Tomarse el trabajo de debatir sobre la difícil sostenibilidad del actual consumo de carne en los países ricos requeriría más esfuerzo intelectual, así que es mejor centrarse en un filete, situarse en el terreno de la gracieta, caricaturizar al adversario, reducir su activismo, por ejemplo, a la anecdotilla de unas chicas que dicen estar protegiendo a las gallinas de ser violadas por los gallos. Mientras las más serias publicaciones del mundo prestan hoy sus portadas a la alarma insoslayable del cambio climático, una troupe de humoristas del negacionismo, unida a los cínicos que siempre ven ridículo el compromiso ajeno, siembra la duda sobre la sinceridad y la honestidad de quienes entregan su vida a una causa noble.
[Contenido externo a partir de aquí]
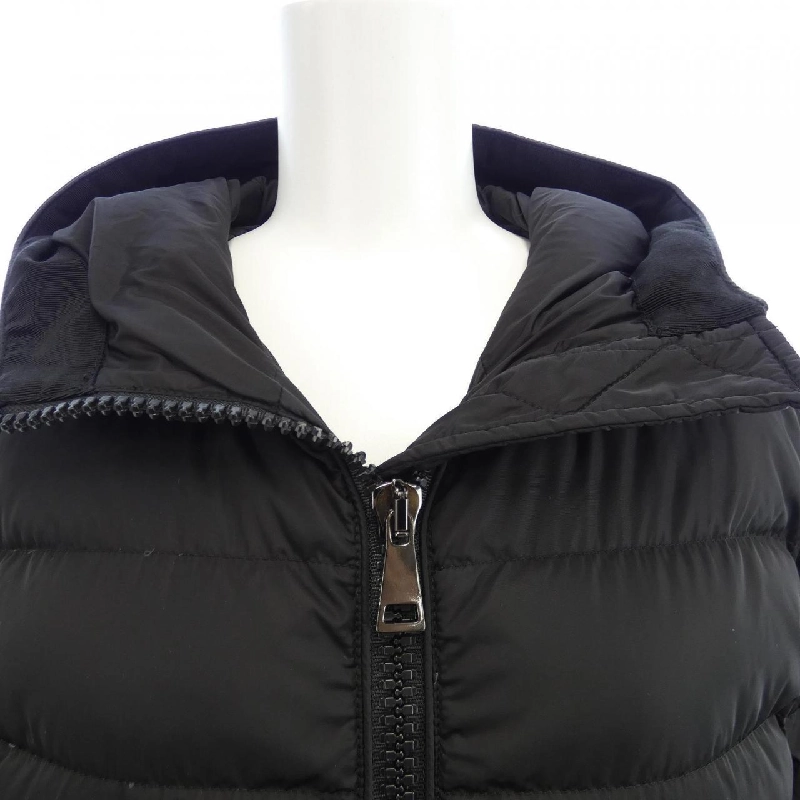 Moncler MONCLER TALEV Áo khoác lông 630765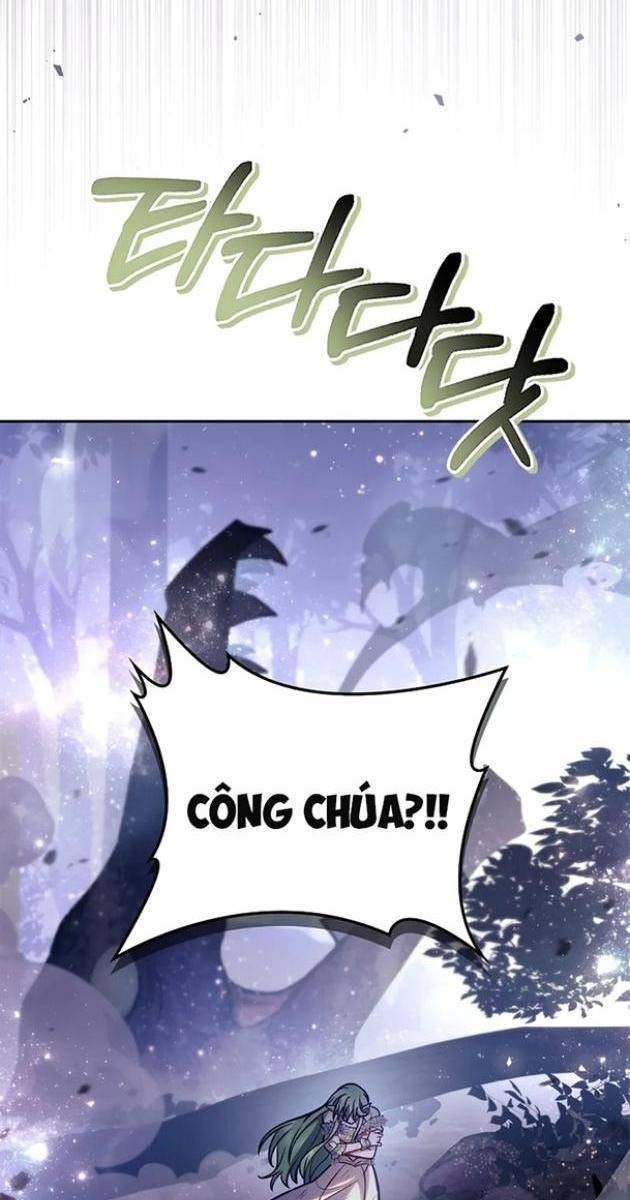 Kí Sự Hồi Quy - Page 5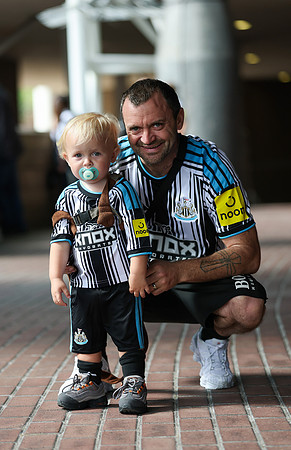 CB_Newcastle_Liverpool_113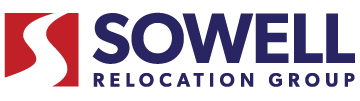 Sowell Relocation Group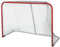 Merco Netz nach Eishockey Tor Tor 4 mm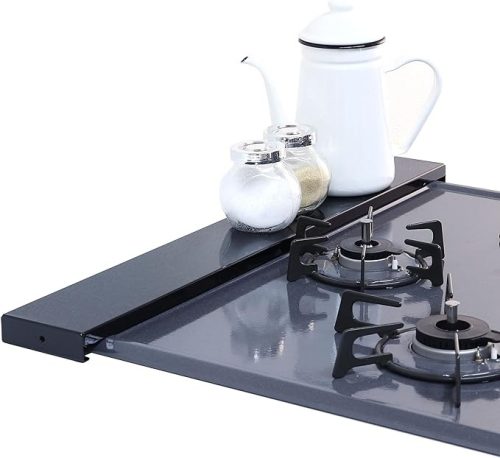 川口工器(Kawaguchi Koki) arte 排気口カバー フラット 21254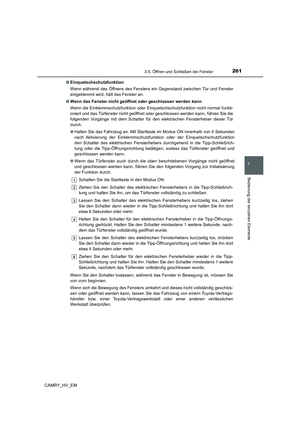 Page 261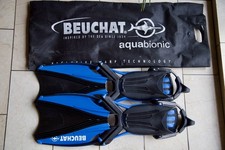 Beuchat Aquabionic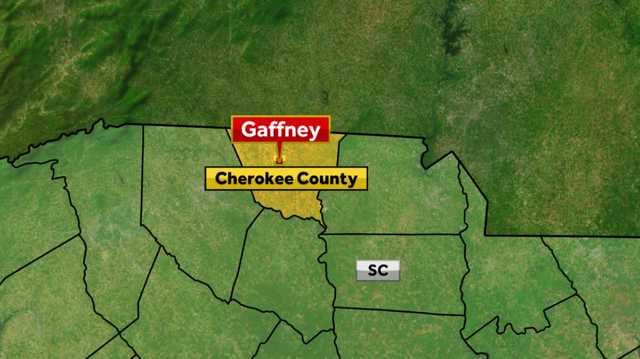 First Solar expands in South Carolina with 600 new jobs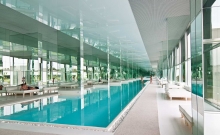 Hotel Adam & Eve_3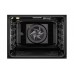Electrolux KODEC75X 71L SteamBake Built-in Oven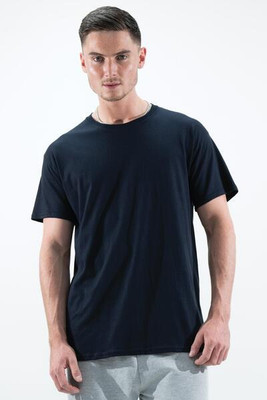 Casual Classics CR1500 - Premium Ringspun Cotton Classic T-Shirt 150gsm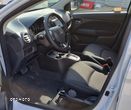 Mitsubishi Space Star 1.2 Invite CVT - 10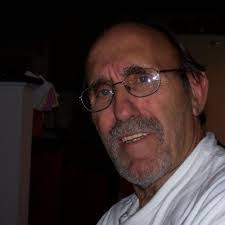 Andy Onorato's Instagram, Twitter & Facebook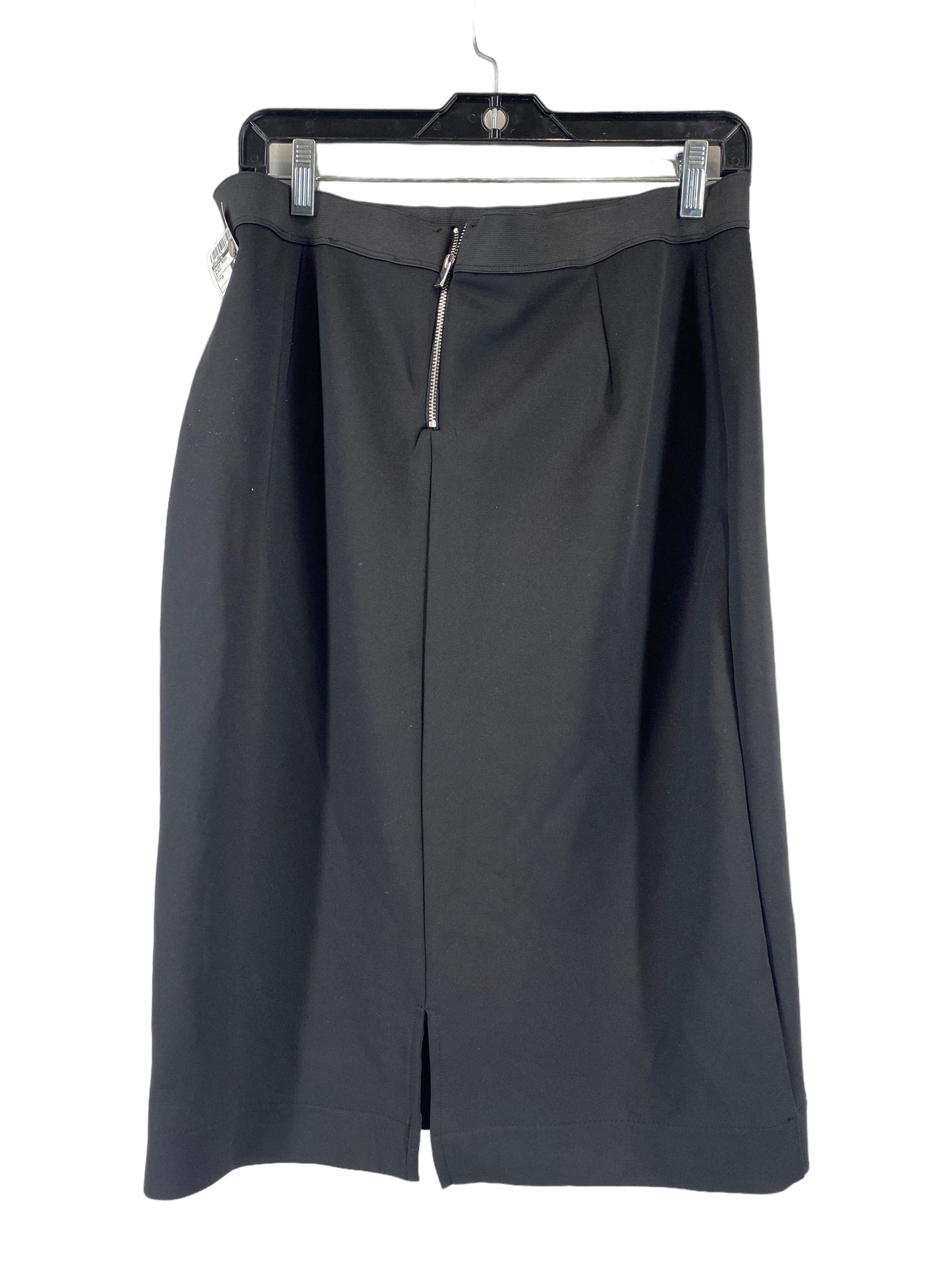 Skirt Midi By Premise  Size: M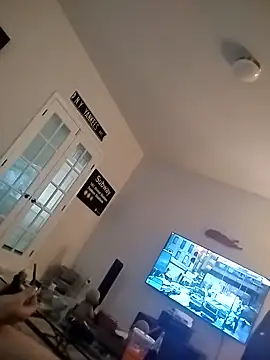 j hollywood91 online show from 2, 10, 2025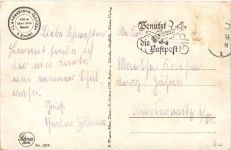 Görlitz - Auf der Landeskrone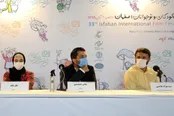 سید‌جواد‌هاشمی: به‌نشانه اعتراض ماسکم را برمی دارم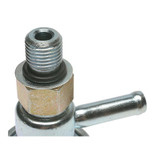 Standard Ignition Fuel Injection Pressure Regulator P/N:PR272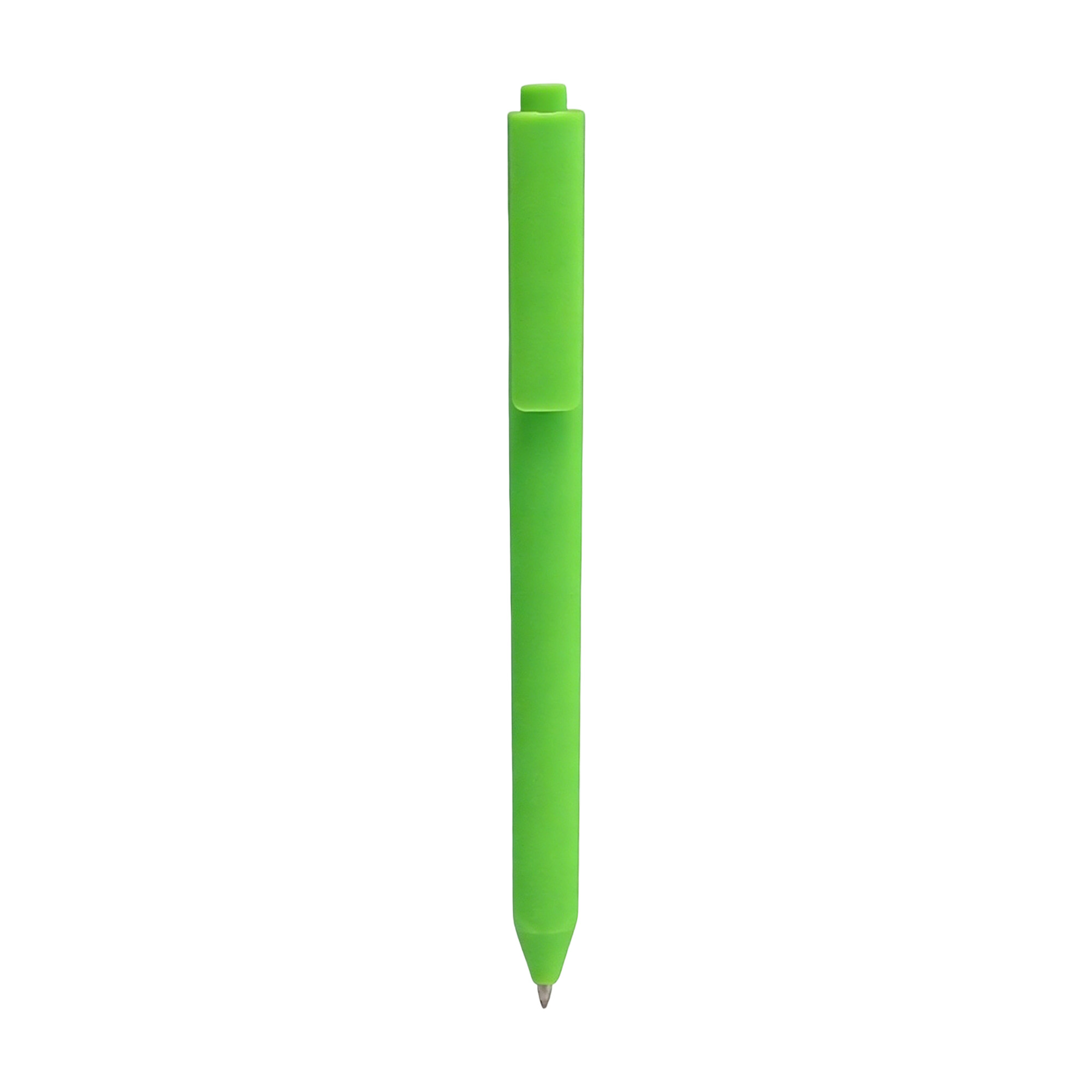 Triangular Grip Pen - Image 9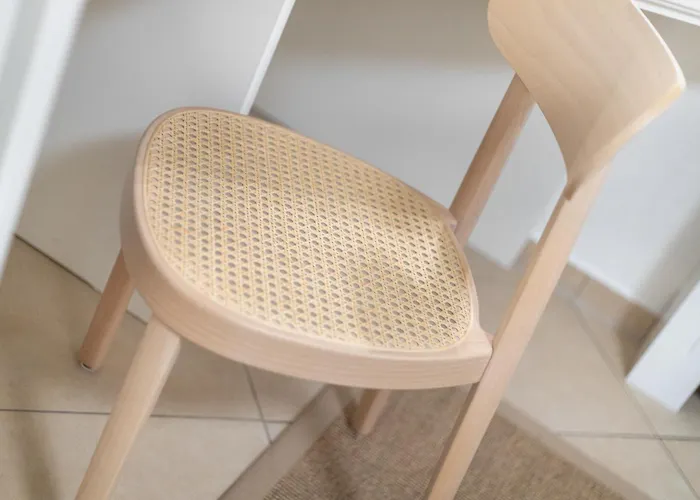 Ringelgans Appartement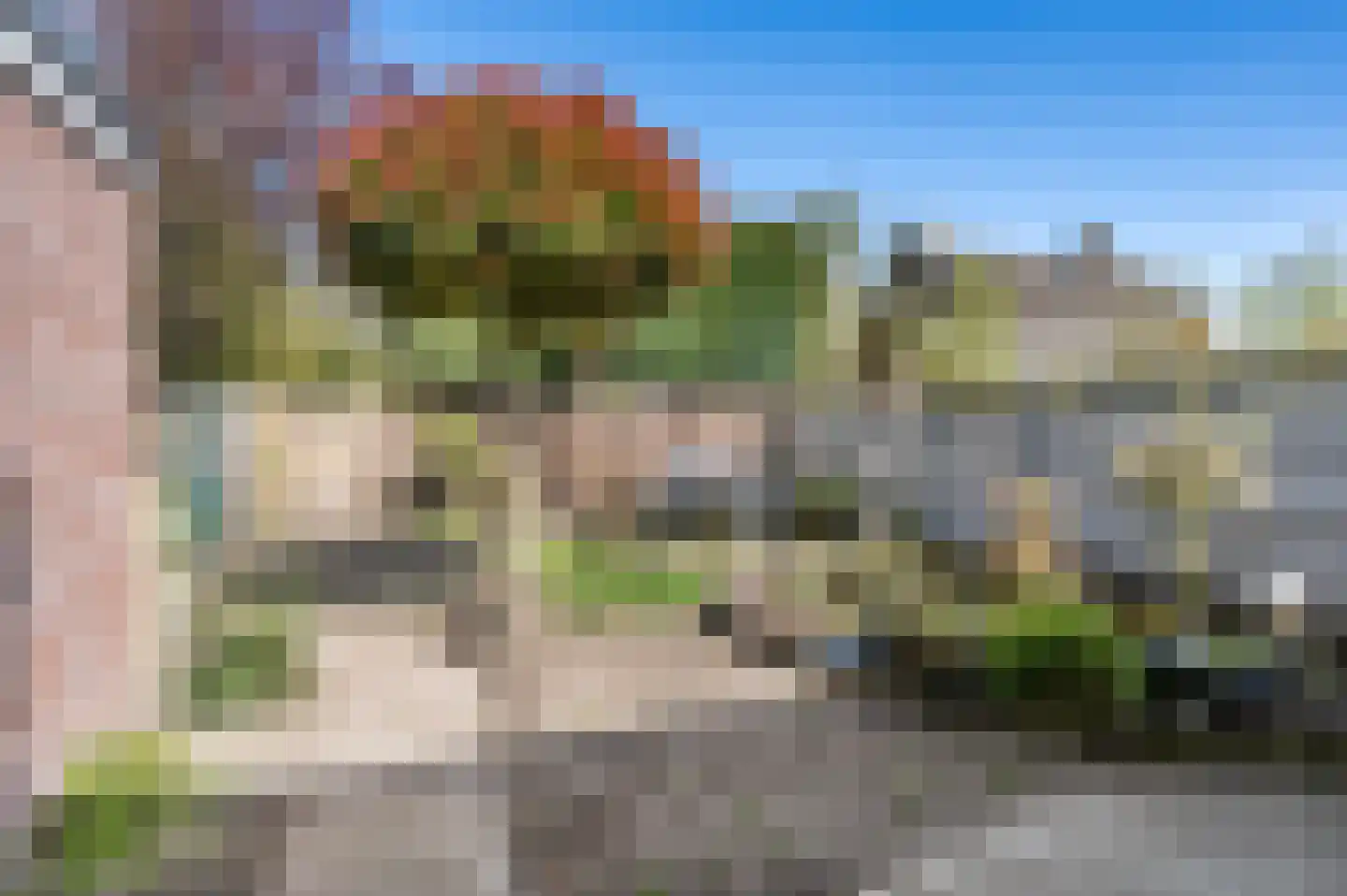 Bunderstraat 91 Schijndel thumbnail 4
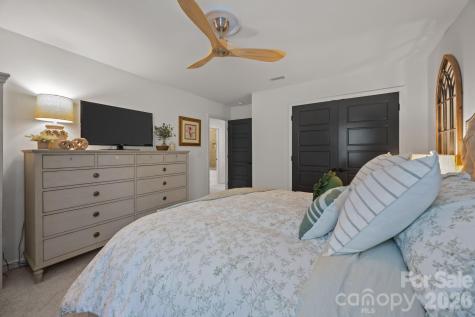 927 Canopy Falls Lane York SC 29745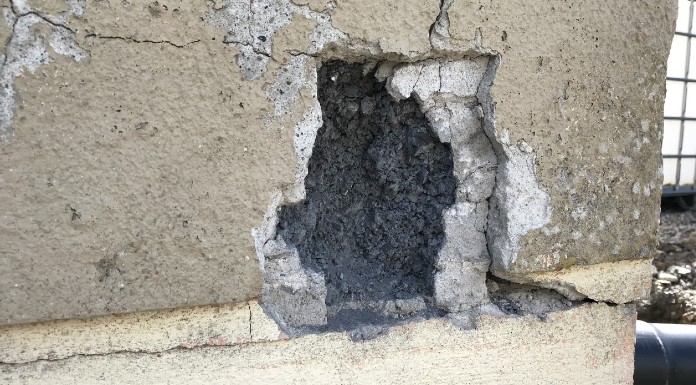 Further Information Being Sought On Clare’s Application To Defective Concrete Block Scheme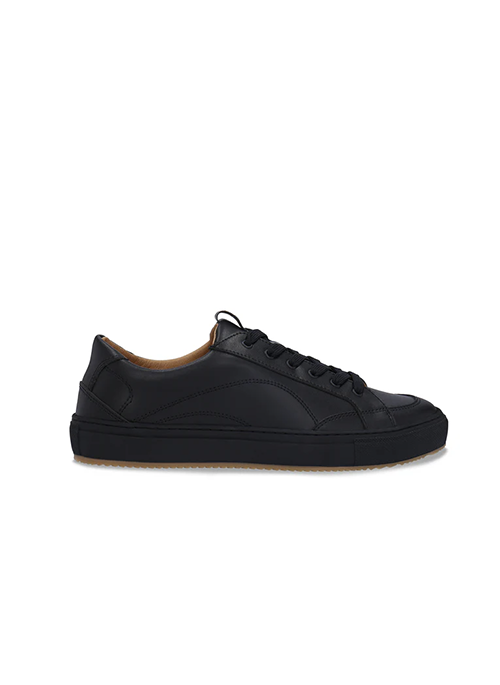 NAE VEGAN SHOES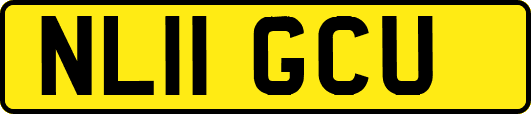 NL11GCU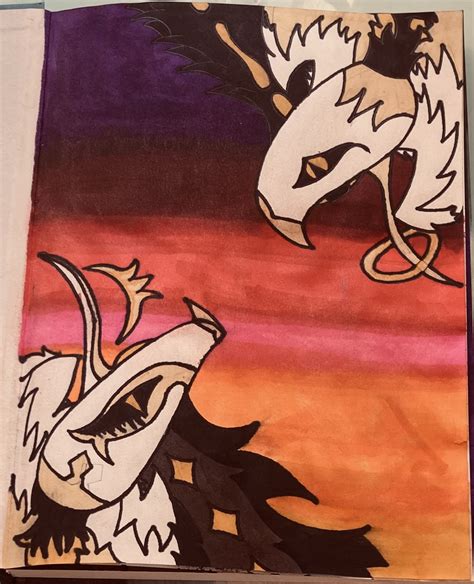 Aereis Art! | Fandom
¡Y cómo no hacer chanza de Greta Thunberg! No hay comentarista audaz que no haya hecho su pequeño chiste sobre la niña de las trenzas. Sus gestos, su mirada en exceso determinada, su imagen algo anacrónica. En realidad, nos aclaran, no tratan de hacer sangre sino de proteger su inocencia, de evitar que la codicia de los mayores perturbe su infancia. Sorprende que jamás se preocupen por la vida de las niñas atletas que entregan sus mejores años al sacrificio físico, ni por las criaturas que se ven expuestas a discutibles espectáculos televisivos, ni por esos músicos adolescentes sometidos a un rigor que les aparta del juego. Esa competitividad, aunque distorsione para siempre sus vidas, resulta enternecedora; al fin y al cabo, se trata de pequeños héroes que nos traen medallas a casa o nos divierten con su arte iluminado y precoz. Pero Greta no nos da felicidad sino que nos pide un sacrificio, desafía nuestro bienestar exigiendo compromiso, y eso en sí es algo antipático. Para contrarrestar su mensaje hay que extender la idea de que está siendo manejada por oscuros e indecentes lobbies ecologistas que se sirven de pobres niñas con el objetivo de cercenar nuestra libertad individual. La libertad de comer carne roja como si no hubiera un mañana, por ejemplo, o la libertad de volar porque nadie nos tiene por qué impedir ser cosmopolitas. El cabreo proviene de que barruntamos que estas medidas afectarán a la vida tal y como la entendemos.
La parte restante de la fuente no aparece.